Puede que la siguiente exposición esté embebida de subjetividad, pero no por ello debemos considerarlo como un relato ficticio.
Sucedió que, estando en el trabajo, tuve la formidable idea de abrochar unos comprobantes.
Revolví cajones, estantes, placares y... ¡La maldita engrampadora no apareció! Ofuscado y agitado me senté para reconsiderar la situación. Tomé fuerzas, respiré hondo y volví esta vez para realizar una requisa exhaustiva y minuciosa por los mismos lugares que había examinado y agregué además sitios absurdos tales como el cesto de la basura, adentro del paquete de la yerba o detrás del inodoro del baño.
Mis compañeros observaron no sólo que la situación iba tornándose incontrolable sino que, por ese momento, ya me había transformado y me reemplazaba una ser completamente descontrolado, alienado, que bociferaba palabras ininteligibles y que hacía ademanes con las manos y creo (no estoy muy seguro) que hasta babeaba.
Obviamente temieron por sus vidas y tomaron la decisión (muy acertada por cierto) de colaborar en la búsqueda.

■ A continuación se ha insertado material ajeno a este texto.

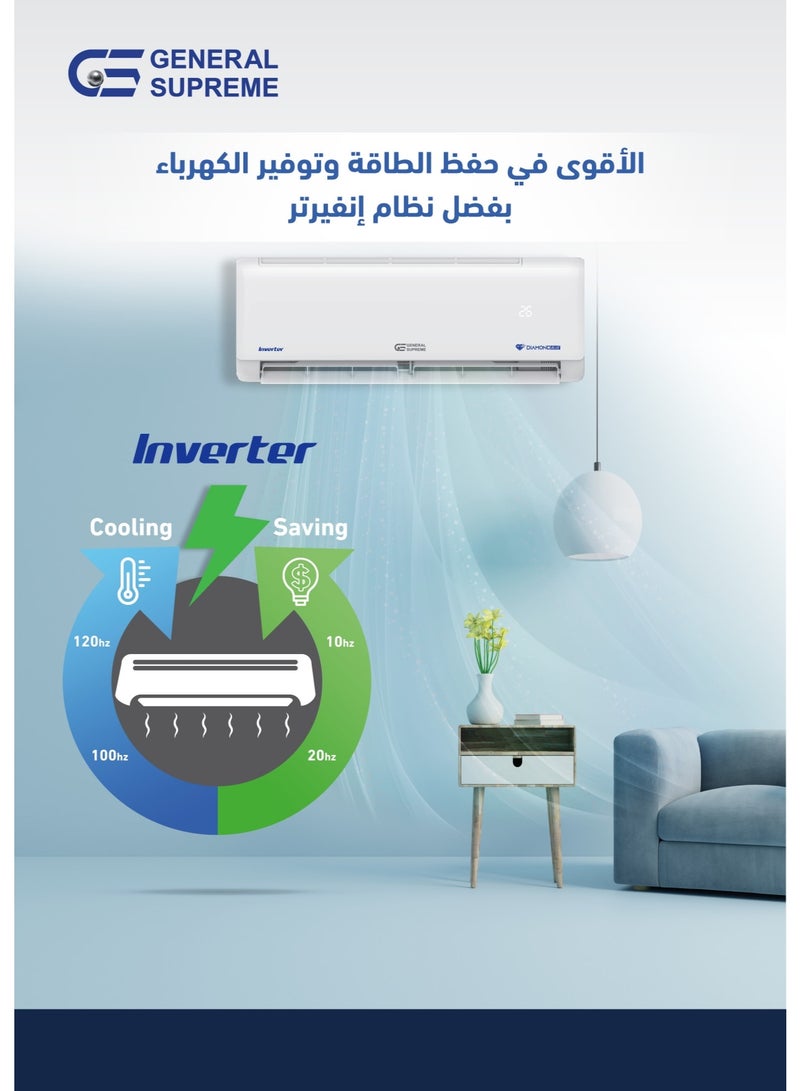 جنرال سوبريم GSINV12H جنرال سوبريم مكيف سبليت دايموند بلو انفيرتر 12,000 وحدة، حار/بارد - Image 3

Ni bien uno de ellos abrió el primer cajón que se le ocurrió, dijo: "Acá está..."
¡No lo podía creer! ¡Lo chequeé varias veces, cómo no voy a ver una puta abrochadora roja!
La tomé entre mis manos y... con toda la rabia del mundo la arrojé contra el piso (la maté). Me dio la sensación (no sé si influyó el estado en el que me encontraba) que previo a tocar el piso, millones de ganchitos 10/50 se eyectaron y se salvaron de semejante tragedia activando unos minúsculos paracaídas. No me alteró en lo más mínimo. Sólo les comenté a mis compadres con voz firme y con un dedo índice levantado:
¡Acá hay un complot de los objetos inanimados!
Los muy sabandijas: ¡Se esconden! ¡Se esconden!